Super Bowl commercials
- A 30-second commercial during the first championship game cost $42,000 which translates into $301,000 today. A 30-second commercial during this year’s game starts at $5 million and could go higher, depending on its placement during the game.
- The most money ever spent on a single ad was the $12.4 million Chrysler spent on their 2011 “Imported from Detroit”two-minute commercial. Some people criticized Chrysler for spending that much on a single ad. However, Chrysler’s sales shot up 50 percent, and Detroit got a welcome boost in morale and image across the country.
- With a few exceptions, Super Bowl commercials went generally unnoticed until the groundbreaking “Big Brother” spot during the 1984 Super Bowl for Apple’s Macintosh computer. Many Madison Avenue executives believe this spot revolutionized the ad industry. In fact, it’s still studied in collegiate marketing classes even today.
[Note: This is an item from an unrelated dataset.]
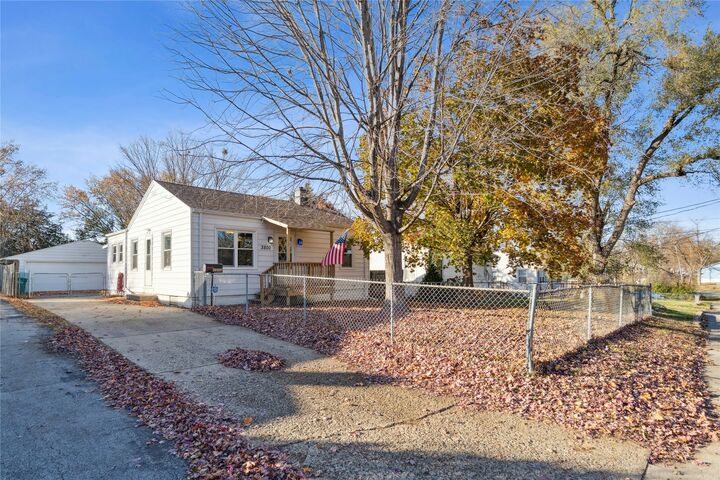 Property Photo: 3500 E 32nd Street IA 50317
Despite being the most recognized and memorable TV ads ever made, the spot ran just the one time.
Super Bowl food
Super Bowl Sunday is the second-highest food consumption day of the year in America behind Thanksgiving. Experts estimate that Americans consume 325.5 million gallons of beer and 1.25 billion chicken wings during the Super Bowl.
According to the Daily Meal, these are the ten most popular Super Bowl party foods ranked from tenth-place to first:
10. Potato Skins
9. Jalapeno Poppers
8. Pigs in a Blanket
7. Deviled Eggs
6. Pulled Pork sandwiches
3. Chicken Wings
And the #1 favorite Super Bowl food is … PIZZA!
So there is your guide to the Super Bowl you can use to impress someone at your boss’ party. Just remember to not bet your boss on your new-found knowledge because, like the New England Patriots, bosses hate to lose.